Although you will have already researched the position at length, ensure you ask questions when offered to do so. Asking questions will show that you’re engaged and are an individual who likes to make informed decisions. Not asking questions, or not asking well thought-out ones, will send the wrong message.

If you’re wondering what makes a great question, a quick internet search for “What questions should I ask at a PhD Interview?” show’s you’re not alone. Some examples of great questions to ask in a PhD interview are:

  • Are there any major developments or partnerships planned for the department? – Although this won’t always be the case, the department may be planning to upgrade its research facilities or partner with another leading institution. Asking about this shows you’re genuinely enthusiastic about undertaking influential research.
  • What are the supervision arrangements? – This is a great way to find out if your expectations match that of your potential supervisors. This can include aspects such as how often the two of you will meet and what level of support they intend to provide.
  • Will there be any opportunities for teaching within the department? – If you intend to pursue an academic career after completing your research, this will be a brilliant way to show them you’re committed to your long-term plans.
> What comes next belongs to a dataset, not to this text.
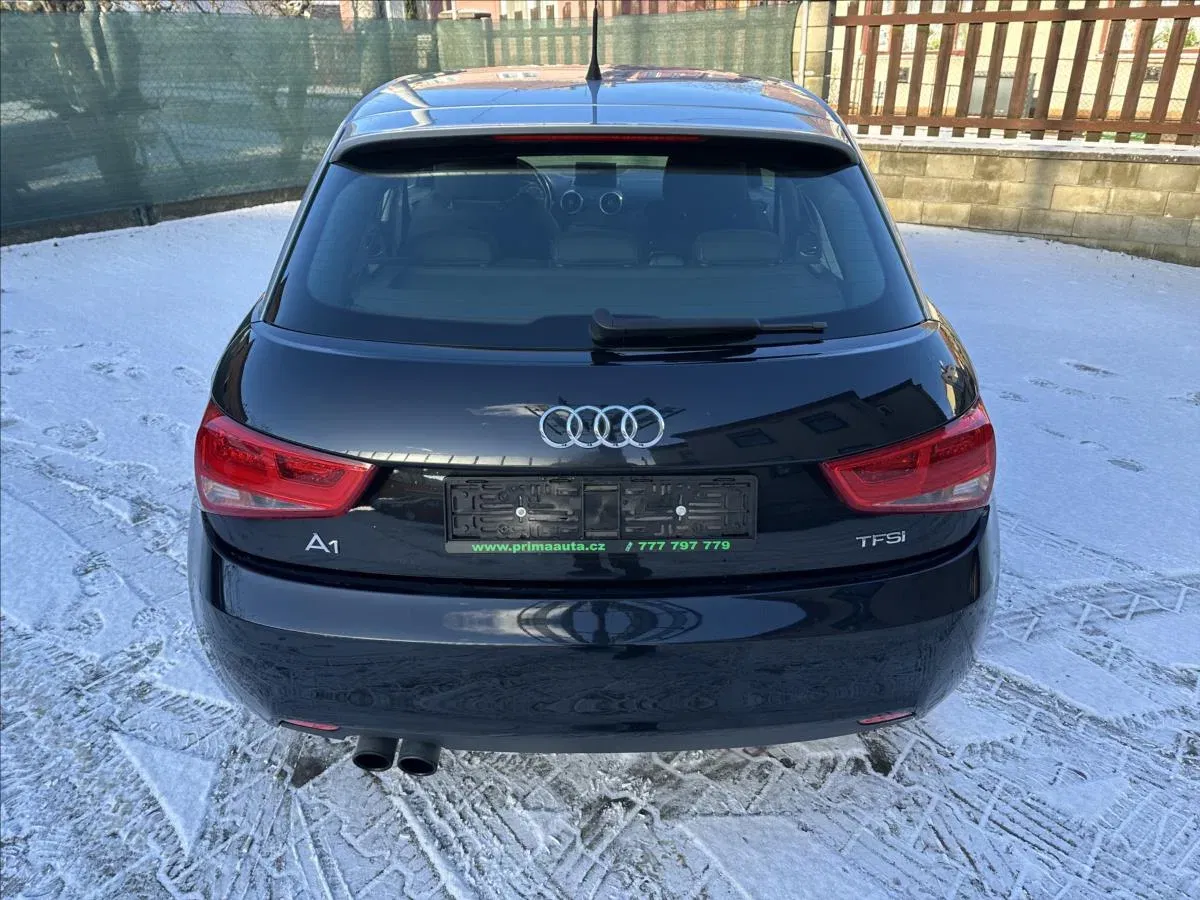 Audi A1 - Náhled 4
Even if you plan on following a different career path, asking will let you know whether there is any opportunity to earn whilst you study.
  • What opportunities will I have for presenting my research? – This shows you intend to be an active member within your research field. This won’t be great only for your development but will help the university increase its research network and reputation in the wider community.
Try to have around four to five PhD interview questions prepared in case they answer any during your main discussion. There’s nothing worse than trying to think on your feet when you weren’t expecting to, especially when your future is being discussed!
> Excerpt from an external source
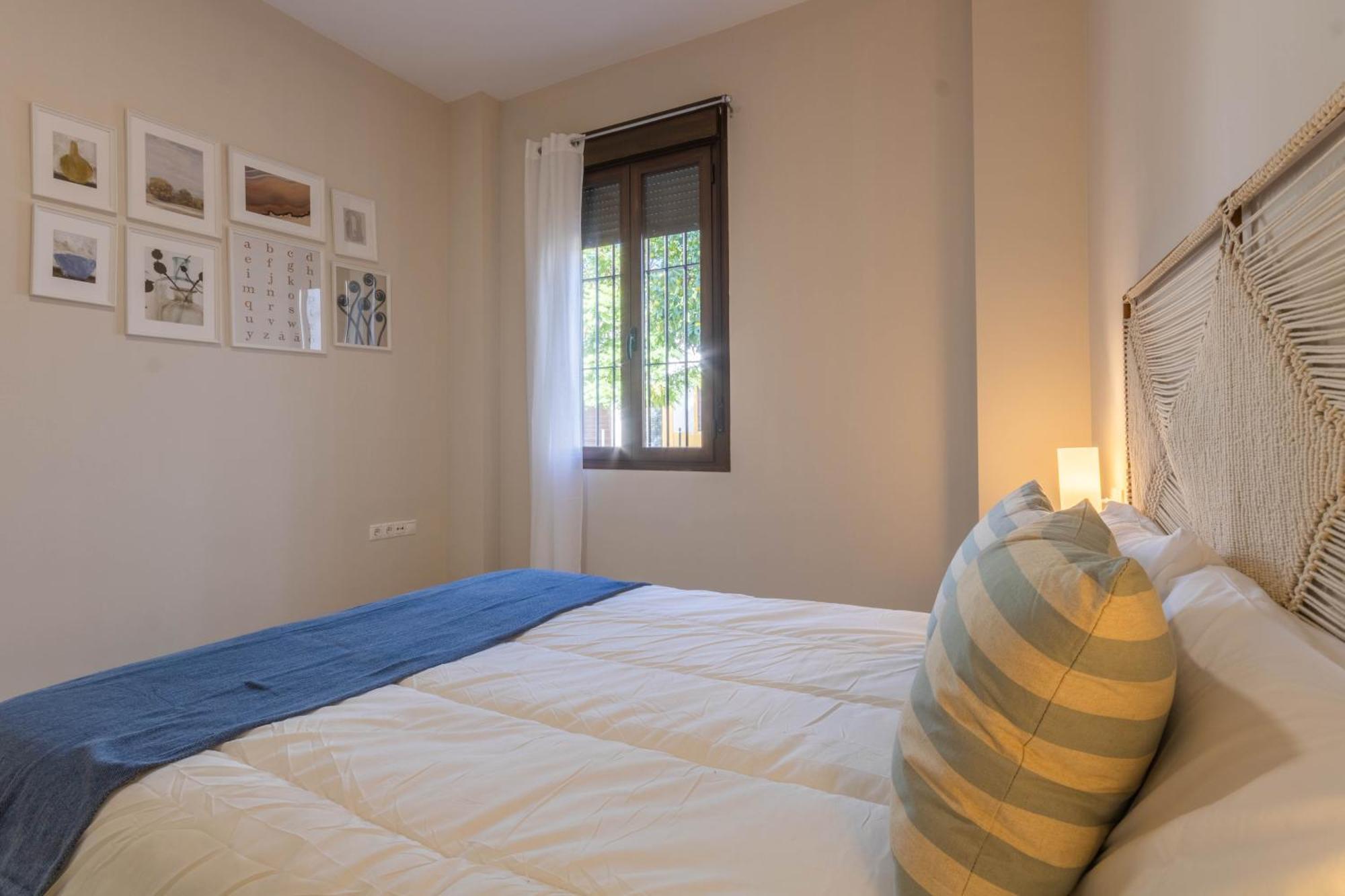 Apartamentos Los Abuelos - Cordoba Dış mekan fotoğraf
Other PhD Interview Tips and Advice to Help You Prepare

  • Format – The format of the PhD interview varies depending on the University. If you’re unsure of what format your upcoming interview will follow, get in touch with the department you will interview with. They should be able to give you an idea about what to expect and how long it will typically last. This knowledge will prove invaluable when preparing for a PhD interview.
  • Video interview – Some interviews will be conducted as either a phone interview or a skype interview. This is especially true if you’re an international student still within your home country. If so, conduct your interview in a place with a reliable internet connection and a clean backdrop.
  • Attendance – Usually, your interview will comprise the primary and secondary supervisor. However, sometimes your interview panel can comprise non-technical staff or the Head of Department.
  • Presentation – You may be asked to prepare a PhD interview presentation if you’re proposing your own research topic. If you’re requested to do this, keep it brief, use at least 80% of the time they permit and base it around your research proposal.
  • Paperwork – Bring two to three copies of your application form, and if applicable, your research proposal. Although in most cases your interviewers would have bought their own copy, it’s better to be on the safe side.
  • Etiquette – If you’re unsure of what to wear to a PhD interview, a good general rule of thumb is to wear what you would to a formal job interview. In other words, keep it formal. Additionally, learn how to pronounce the names of the interviewers and any other staff members you may mention beforehand.
  • Practice – There’s a lot of truth in the old saying ‘practice makes perfect’. You will want to practise as many PhD interview questions as you can. Don’t just limit yourself to the ones discussed on here. Find as many PhD questions as you can and prepare draft answers for all of them. In fact, you don’t even need to limit yourself to questions specifically for PhD students. There are many out there that, although written for generic academic interviews or the job market, will be applicable to you. If you find yourself short on resources, try searching for ‘tell us a time when you…’ in google as these will provide great scenario-based questions you can practise with.